Both of Iraq’s vice presidents joined in the call, with one of them warning Iraqis to stay away from crowded places favored by bombers.

There have been concerns that Iraqi forces will not be able to provide adequate security after US combat troops completely pull out of Baghdad and other urban areas by June 30, part of a security agreement that calls for all American troops to leave Iraq by the end of 2011. Under the agreement, which took effect Jan. 1, US troops have taken a secondary role, giving Iraqi forces the lead in operations.

Yesterday, few if any of the 133,000 US troops still in Iraq were visible in its cities, with most already having pulled out of urban centers in recent weeks.
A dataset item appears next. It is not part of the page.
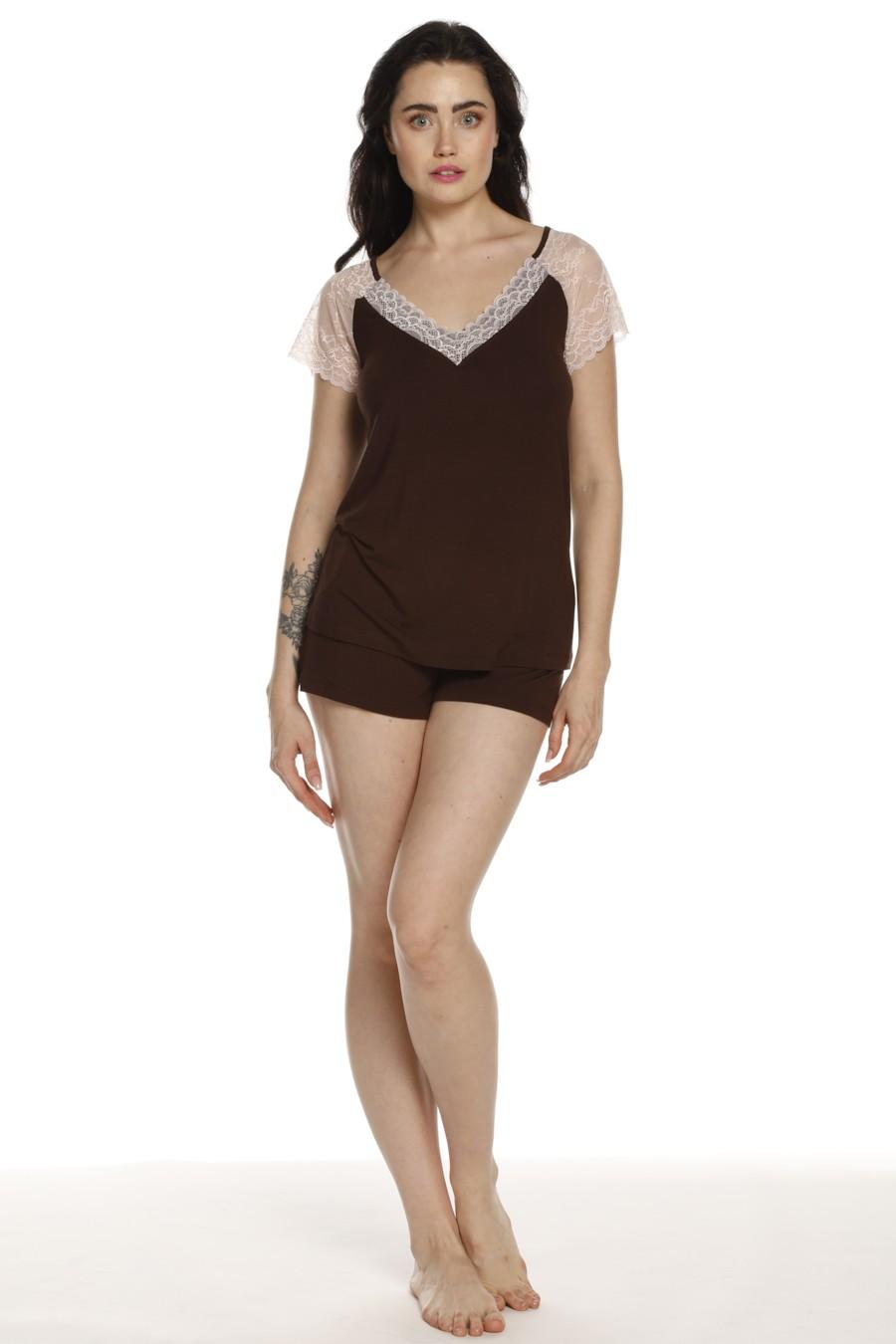 

комплект: футболки та шортики Effetto (92361) 48(XL) brown-nose кольору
They have assembled in large bases outside urban centers and will continue to conduct combat operations in rural areas and near the border.

“We are on the threshold of a new phase that will bolster Iraq’s sovereignty,’’ Prime Minister Nouri al-Maliki said at a memorial service for a Shi’ite leader who died six years ago. He added that June 30 was “a message to the world that we are now able to safeguard our security and administer our internal affairs.’’

Police said they had bolstered checkpoints and patrols, especially in Shi’ite areas of Baghdad where bombers have targeted markets with deadly effect. Nearly all the bombings that began on June 20 have been in Shi’ite areas, including the two deadliest attacks. They were a June 20 bombing that killed 82 people outside a mosque in northern Iraq, and another on June 24 in the Shiite enclave of Sadr City that killed 78.

Maliki attributed the bombings to the remnants of Al Qaeda in Iraq and said they were aimed at restarting violence between Shi’ites and Sunnis. “Today we are in need of unity, as they have shown their teeth against us,’’ Maliki said of the extremists responsible for the attacks. “Our system falls when we return to sectarianism.’’

Iraq nearly slipped into civil war in 2006 and 2007, and tens of thousands of people died in attacks between Sunni extremists such as Al Qaeda and Shi’ite militias and death squads. It was brought back from the brink by an inflow of US troops in 2007 in what was known as the surge.